Pentaho Releases “Filling the Data Lake” Big Data Blueprint for Hadoop
SAN JOSE, Calif., June 28, 2016 (GLOBE NEWSWIRE) – @HADOOPSUMMIT – @Pentaho, a @Hitachi Group Company, today announced “Filling the Data Lake”, a blueprint that helps organizations architect a modern data onboarding process for ingesting big data into #Hadoop data lakes that is flexible, scalable, and repeatable. Data management professionals can now offload the drudgery of the data preparation process and spend more time on higher value-added projects.
According to Ventana Research, big data projects require organizations to spend 46 percent of their time preparing data and 52 percent of their time checking for data quality and consistency. By following Pentaho’s “Filling the Data Lake” blueprint, organizations can manage a changing array of data sources, establish repeatable processes at scale and maintain control and governance along the way. With this capability, developers can easily scale ingestion processes and automate every step of the data pipeline.

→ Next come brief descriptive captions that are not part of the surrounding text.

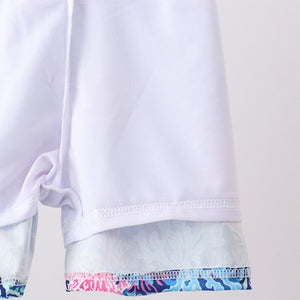 Boys Blue Marine Creature Print Swim Trunks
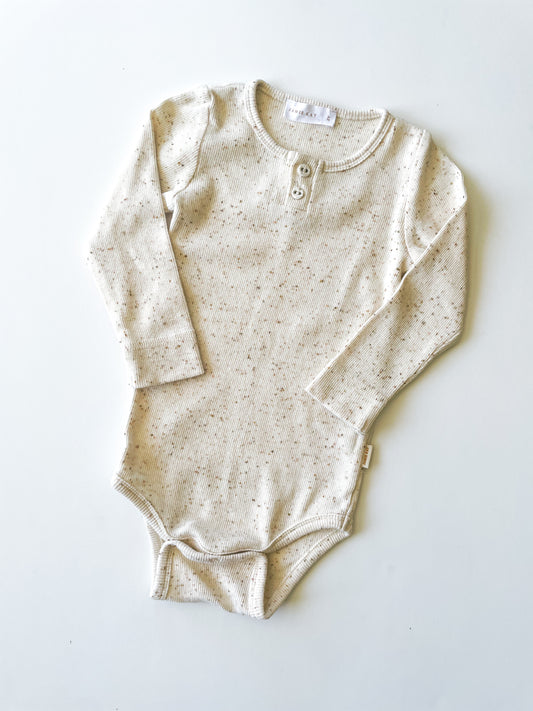 Jamie Kay Speckled Rib Bodysuit (Size 2)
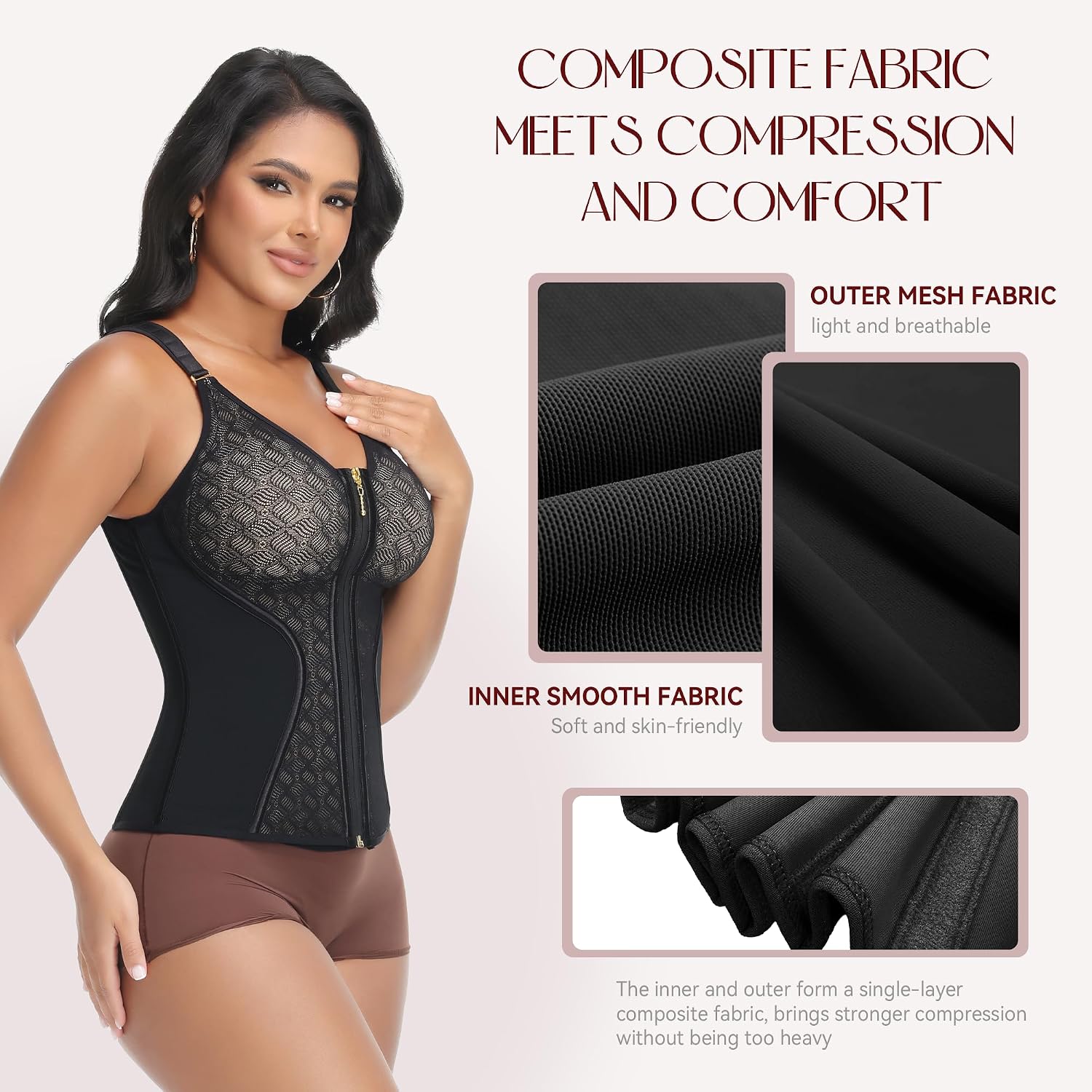 SHAPSHE Waist Trainer with Bra and Steel Bones — image 5
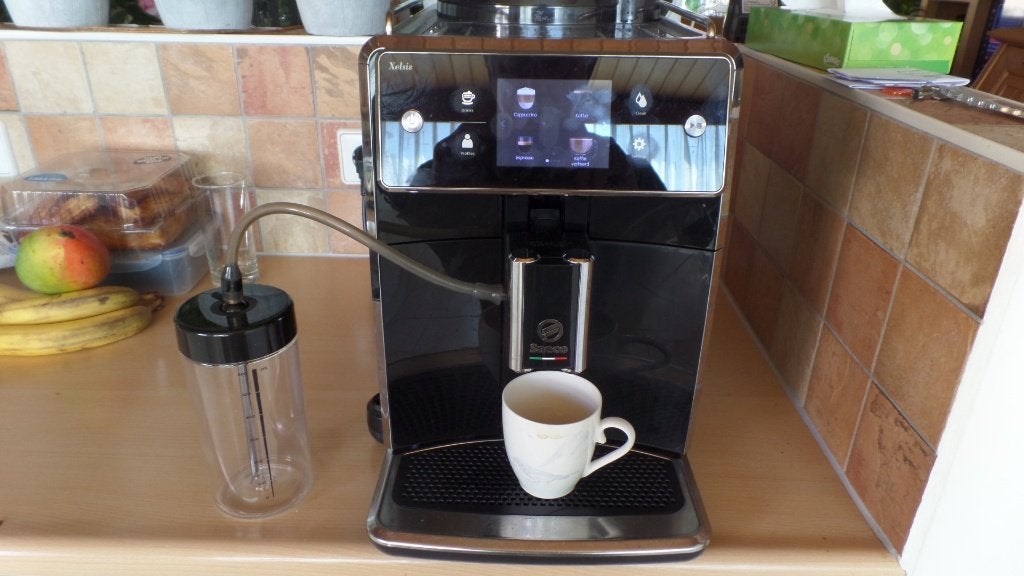 Bonenkoffiemachine, SAECO, SM 7680/00-(#9091), Ophalen, Gebruikt, Koffiemachine, Afneembaar waterreservoir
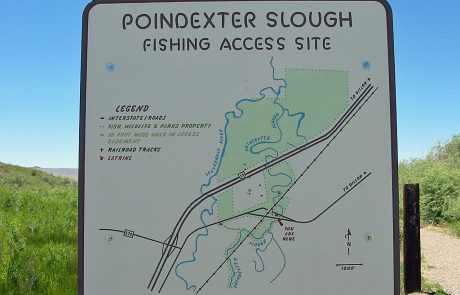 Poindexter Slough Map Sign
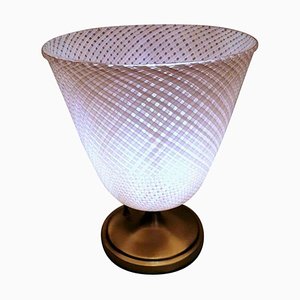 Lampada Reticello in vetro di Murano di Dino Martens per Aureliano Toso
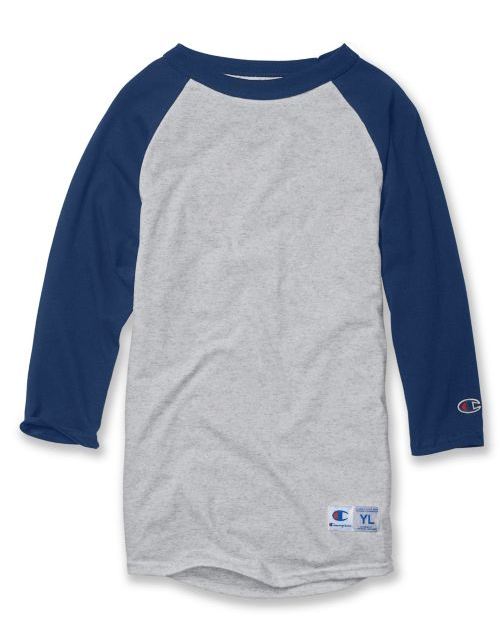 Champion Youth Raglan Baseball T-Shirt T13Y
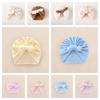 Cartoon Baby Fetal Cap 0-5 Months Newborn Turban Hat Windproof Boneless Muslin Hat  Toddler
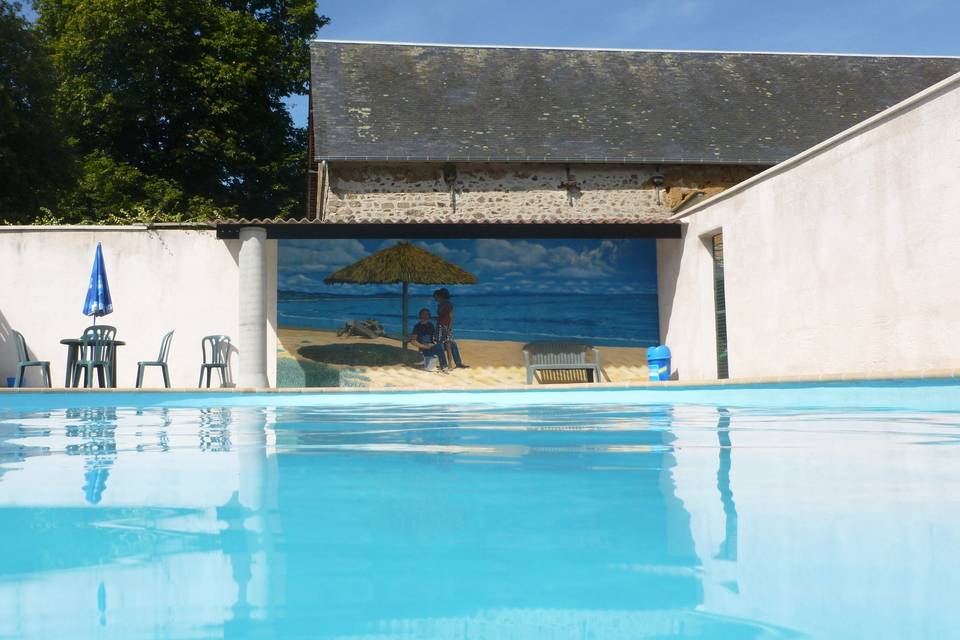 Piscine chauffée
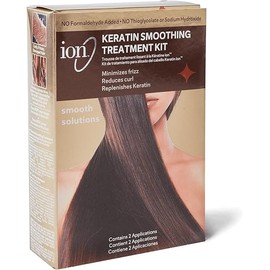 ion Keratin Smoothing Treatment Kit, Formaldehyde Free Treatment, Deeply Nourishes Hair, Great for All Hair Types
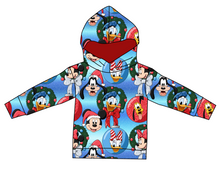 Load image into Gallery viewer, Mouse Friends Holiday Oversized Hoodie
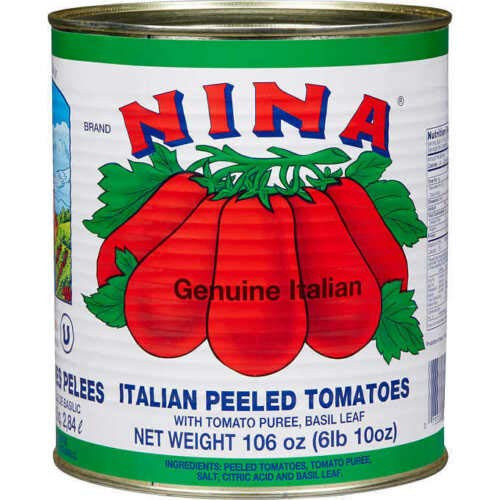 Nina Peeled Tomatoes -106oz Can | Amazon (US)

“With disparate sources of data numbering in the thousands, hand coding transformations for each source is time consuming and extremely difficult to manage and maintain,” said Chuck Yarbrough, Senior Director of Solutions Marketing at Pentaho, a Hitachi Group Company. “Developers and data analysts need the ability to create one process that can support many different data sources by detecting metadata on the fly and using it to dynamically generate instructions that drive transformation logic in an automated fashion.”